But we need an ambition which goes beyond stabilising the situation on the ground. As the European anti torture watch dog, the CPT, told the UK government this year “unless determined action is taken to significantly reduce the current prison population, the regime improvements envisaged by the authorities’ reform agenda will remain unattainable”

Political courage is therefore needed to stem sentence inflation, invest in constructive regimes and allow for earlier release.  Instead we’ve seen a raising of maximum sentences and more offences made eligible for increase if they’re found to be unduly lenient. Here’s a suggestion; if it is deemed necessary to raise a maximum sentence – as is the case with animal cruelty – then lower the upper limit for something else- perhaps theft from 7 years to 5, or possession of a class C drug from 2 years to 6 months. There’s no need for ever longer sentences and the system can’t cope with them.

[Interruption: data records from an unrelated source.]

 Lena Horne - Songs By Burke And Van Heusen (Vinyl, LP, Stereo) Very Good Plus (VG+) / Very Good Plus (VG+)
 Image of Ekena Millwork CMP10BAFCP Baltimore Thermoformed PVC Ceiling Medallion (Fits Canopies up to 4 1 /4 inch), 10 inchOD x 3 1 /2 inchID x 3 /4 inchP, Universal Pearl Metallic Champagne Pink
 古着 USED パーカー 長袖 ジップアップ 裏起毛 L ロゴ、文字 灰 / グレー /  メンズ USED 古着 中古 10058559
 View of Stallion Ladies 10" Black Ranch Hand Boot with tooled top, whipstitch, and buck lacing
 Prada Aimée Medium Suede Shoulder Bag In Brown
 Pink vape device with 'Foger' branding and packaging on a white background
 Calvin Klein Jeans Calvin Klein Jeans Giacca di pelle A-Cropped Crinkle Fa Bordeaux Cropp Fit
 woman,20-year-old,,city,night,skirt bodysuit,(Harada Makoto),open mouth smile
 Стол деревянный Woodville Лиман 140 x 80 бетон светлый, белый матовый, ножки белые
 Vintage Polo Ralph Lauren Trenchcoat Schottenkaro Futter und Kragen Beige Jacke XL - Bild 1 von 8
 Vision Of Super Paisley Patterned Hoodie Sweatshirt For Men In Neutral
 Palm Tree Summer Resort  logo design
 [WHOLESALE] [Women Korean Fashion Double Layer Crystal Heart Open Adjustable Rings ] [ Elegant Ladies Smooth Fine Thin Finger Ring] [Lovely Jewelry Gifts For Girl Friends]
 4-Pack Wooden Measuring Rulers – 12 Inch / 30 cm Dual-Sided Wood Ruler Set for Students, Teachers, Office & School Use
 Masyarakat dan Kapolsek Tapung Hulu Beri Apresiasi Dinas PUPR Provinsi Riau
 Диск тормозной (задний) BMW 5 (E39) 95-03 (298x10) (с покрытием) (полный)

At a technical level, there are growing questions about whether services are being provided by HMPPS in the best way. It’s now increasingly accepted that the two tier probation system is the predicted unholy mess incapable of delivering success. But given the operational crisis in prisons, is the Academy model the right way to go?  At Holme House, one of the Pathfinder Reform Prisons, inspectors found this summer a significant deterioration in outcomes since 2013 and a big gap between aspiration and the day-to-day reality. At many jails, inspectors have called for much more in the way of support from the centre not less.   At Liverpool’s Walton jail, managers had sought help from regional and national management to improve conditions they knew to be unacceptable long before the inspectors arrived- but had met with little response.  There’s a lot to be said for empowering governors but nothing for leaving them to fend for themselves in a time of crisis.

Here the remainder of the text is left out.